Other, less imaginative, critics complained to the school, and principal Donald Linton came under pressure to do something about the pig. Four state legislators offered to give the team a barbecue if they would spare Big Red. That idea fell through when Linton asked what they planned to eat at their barbecue. He added that there was nothing he could do about keeping the players from having the pig for dinner. After all, he pointed out with impeccable logic, they had paid for it with their own money.


The eighth race at Belmont last Friday, the Firethorn, was an ordinary $20,000 allowance open to "3-year-olds and upwards which have not won $6,600 three times over a mile since April 26...." Such complex conditions, common in racing, are designed to bring together horses of roughly the same class, but sometimes a loophole lets a trainer slip a superior horse into an inferior race, which is what happened in the Firethorn. LeRoy Jolley, trainer of Foolish Pleasure, was casting about for something his colt could use as a tune-up before going to California for the $350,000 National Thoroughbred Championship on Nov. 1. Even though Foolish Pleasure had earned more than $711,000 this year and was only a few thousand short of $1 million for his career, he had won only twice since April 26—the $125,000 Kentucky Derby in May and the $350,-000 match race against ill-fated Ruffian in July. Under the conditions, he was eligible for the Firethorn and was duly entered. It looked like a soft touch for the Derby winner.

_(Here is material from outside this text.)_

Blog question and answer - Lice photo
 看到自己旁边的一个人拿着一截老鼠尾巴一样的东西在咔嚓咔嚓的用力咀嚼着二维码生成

But nothing is easy. Danny Lopez, trainer of the good 4-year-old handicap horse Stonewalk, also had noticed the Firethorn. Stonewalk had earned $186,405 this year and nearly half a million in his career, but he, too, had won only two big races since April 26. Lopez entered him and then discovered that Stonewalk would be going against Foolish Pleasure. He tried to have his horse scratched, but it was too late. The two stars went at it, their class showing as they left the field 10 lengths behind, and the easy outing turned into an all-out stretch duel, with Stonewalk, to Jolley's chagrin, beating Foolish Pleasure by a nose.

Jolley's colt did pick up $4,400 for finishing second, which edged him over the $1 million mark, but the trainer wasn't so sure now about sending him to California. Maybe Jolley should keep Foolish Pleasure at Belmont and look around for another race for horses "which have not won $6,600 three times since April 26." He's still eligible.



•Tony Mason, University of Cincinnati football coach, facing Tulsa with several of his key players injured: "You think I'm not worried? Last night I called my wife 'Ralph.' "

•John McKay, USC football coach, on artificial turf: "We think of it as fuzzy concrete."

•John Agunga, African witch doctor, consulting his baboon bones to determine why the Baltimore Orioles lost the race in the American League East despite his spells: "Publicity! They lost because they turned coming to me into a publicity gimmick. Witchcraft works only by stealth."